Aussie tilt for Citroen Dispatch, Peugeot Expert

BY HAITHAM RAZAGUI | 31st Mar 2016


AUSTRALIAN Peugeot and Citroen importer Sime Darby is in talks with the French factory to determine whether it will bring the just-revealed, technology-packed Citroen Jumpy (known in English-speaking markets as Dispatch) and Peugeot Expert mid-size vans to this market.

Last year Sime Darby stopped selling commercial vehicles in Australia under the Peugeot brand, leaving Citroen with the small Berlingo van as the sole commercial offering in its range and leading to speculation that in future, Citroen alone would carry the PSA commercial vehicle flag in Australia.

However, Peugeot’s success in entering the Australian fleet market late last year in deals with supermarket chain Woolworths and cosmetics brand Nutrimetics may put the brand back in the game for commercial vehicles.

Sime Darby Motors Group PR and communications manager Tyson Bowen told GoAuto that the cessation of local Peugeot commercial vehicle sales was the company “stepping back and looking at the big picture of what both brands needed to offer in Australia and how the model line-ups will be structured”.

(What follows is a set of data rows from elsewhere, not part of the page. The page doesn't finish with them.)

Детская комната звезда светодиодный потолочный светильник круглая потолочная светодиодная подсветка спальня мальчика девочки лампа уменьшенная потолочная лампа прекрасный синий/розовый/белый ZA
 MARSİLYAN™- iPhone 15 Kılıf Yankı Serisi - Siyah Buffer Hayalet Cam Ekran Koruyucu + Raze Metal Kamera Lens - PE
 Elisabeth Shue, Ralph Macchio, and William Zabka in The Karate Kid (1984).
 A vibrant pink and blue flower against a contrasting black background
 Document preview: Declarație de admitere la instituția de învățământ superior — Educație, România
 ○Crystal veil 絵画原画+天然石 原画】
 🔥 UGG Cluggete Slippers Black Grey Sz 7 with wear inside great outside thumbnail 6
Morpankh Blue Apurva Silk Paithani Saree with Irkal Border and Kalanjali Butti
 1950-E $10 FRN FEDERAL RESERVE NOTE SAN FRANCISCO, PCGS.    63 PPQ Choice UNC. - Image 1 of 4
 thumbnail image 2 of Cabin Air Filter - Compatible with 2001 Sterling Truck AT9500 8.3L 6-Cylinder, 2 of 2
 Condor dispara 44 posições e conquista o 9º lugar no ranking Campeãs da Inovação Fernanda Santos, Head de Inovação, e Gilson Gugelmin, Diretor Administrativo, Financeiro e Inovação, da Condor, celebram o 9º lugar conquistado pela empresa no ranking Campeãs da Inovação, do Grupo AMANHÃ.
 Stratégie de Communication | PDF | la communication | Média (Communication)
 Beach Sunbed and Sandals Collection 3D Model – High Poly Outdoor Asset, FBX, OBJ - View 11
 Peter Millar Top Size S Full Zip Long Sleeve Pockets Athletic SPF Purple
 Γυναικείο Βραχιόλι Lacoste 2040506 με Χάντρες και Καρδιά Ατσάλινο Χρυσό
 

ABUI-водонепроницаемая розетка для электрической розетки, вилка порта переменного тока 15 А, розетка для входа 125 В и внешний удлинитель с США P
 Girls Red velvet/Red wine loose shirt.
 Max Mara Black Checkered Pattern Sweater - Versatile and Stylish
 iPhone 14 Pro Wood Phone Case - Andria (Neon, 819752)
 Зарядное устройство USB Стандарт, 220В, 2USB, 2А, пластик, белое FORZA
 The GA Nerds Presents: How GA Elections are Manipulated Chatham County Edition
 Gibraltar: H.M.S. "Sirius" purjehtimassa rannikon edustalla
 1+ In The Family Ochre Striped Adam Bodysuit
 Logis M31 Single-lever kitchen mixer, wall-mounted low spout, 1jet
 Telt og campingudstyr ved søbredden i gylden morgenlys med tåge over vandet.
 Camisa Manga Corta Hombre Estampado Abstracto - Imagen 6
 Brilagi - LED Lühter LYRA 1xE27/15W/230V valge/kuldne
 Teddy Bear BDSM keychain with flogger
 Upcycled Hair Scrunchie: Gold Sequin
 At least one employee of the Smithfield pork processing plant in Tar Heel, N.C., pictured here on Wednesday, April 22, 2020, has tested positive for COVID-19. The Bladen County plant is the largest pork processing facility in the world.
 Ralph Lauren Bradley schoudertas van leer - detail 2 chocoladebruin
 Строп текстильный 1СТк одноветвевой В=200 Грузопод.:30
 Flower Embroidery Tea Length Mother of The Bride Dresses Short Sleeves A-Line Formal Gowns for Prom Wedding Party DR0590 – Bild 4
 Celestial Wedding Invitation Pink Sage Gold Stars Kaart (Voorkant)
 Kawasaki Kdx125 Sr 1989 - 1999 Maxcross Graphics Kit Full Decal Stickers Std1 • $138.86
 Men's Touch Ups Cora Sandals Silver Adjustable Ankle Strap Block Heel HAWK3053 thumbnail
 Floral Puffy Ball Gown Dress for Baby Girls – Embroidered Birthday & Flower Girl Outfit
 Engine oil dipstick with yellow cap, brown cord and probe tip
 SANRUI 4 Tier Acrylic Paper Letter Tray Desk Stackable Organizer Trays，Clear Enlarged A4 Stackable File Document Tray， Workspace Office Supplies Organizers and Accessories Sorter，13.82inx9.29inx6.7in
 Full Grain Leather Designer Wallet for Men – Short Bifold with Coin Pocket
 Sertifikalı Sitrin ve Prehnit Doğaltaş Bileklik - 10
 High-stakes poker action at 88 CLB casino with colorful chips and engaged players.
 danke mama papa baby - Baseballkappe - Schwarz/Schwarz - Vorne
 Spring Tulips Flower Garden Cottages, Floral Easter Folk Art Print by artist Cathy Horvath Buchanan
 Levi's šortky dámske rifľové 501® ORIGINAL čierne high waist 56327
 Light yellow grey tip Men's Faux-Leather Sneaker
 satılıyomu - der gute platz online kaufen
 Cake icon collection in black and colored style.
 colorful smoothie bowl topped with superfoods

“These two vehicles (Dispatch and Express) form part of that and it will depend on both our discussions with PSA and what we believe is best for both brands locally,” he said.

“That’s not to say both will get it, or that neither will get it or that one will and one won’t – we’re looking at everything at present.” Jointly developed with Toyota, which will sell a version in European markets badged Proace, the Dispatch and Expert vans are based on PSA Peugeot-Citroen’s EMP2 platform that also underpins passenger cars including the Peugeot 308 and Citroen Grand C4 Picasso people-mover.

As such, car-like active safety features are offered, such as adaptive cruise control, blind-spot monitoring, lane-departure warning, collision detection and mitigation with autonomous emergency braking and driver fatigue warning In addition, a sign-reading camera working with the van’s satellite navigation system pre-sets the van’s electronic speed governor to the prevailing limit so it can be activated by the driver with a single button press.

Continuing the list of technology available is a head-up display, hands-free sliding side doors activated by waving a foot under the vehicle, automatic high-beam, a 180-degree reversing camera that automatically zooms in on obstacles and a tablet-like 7.0-inch touchscreen with Apple CarPlay and MirrorLink smartphone integration.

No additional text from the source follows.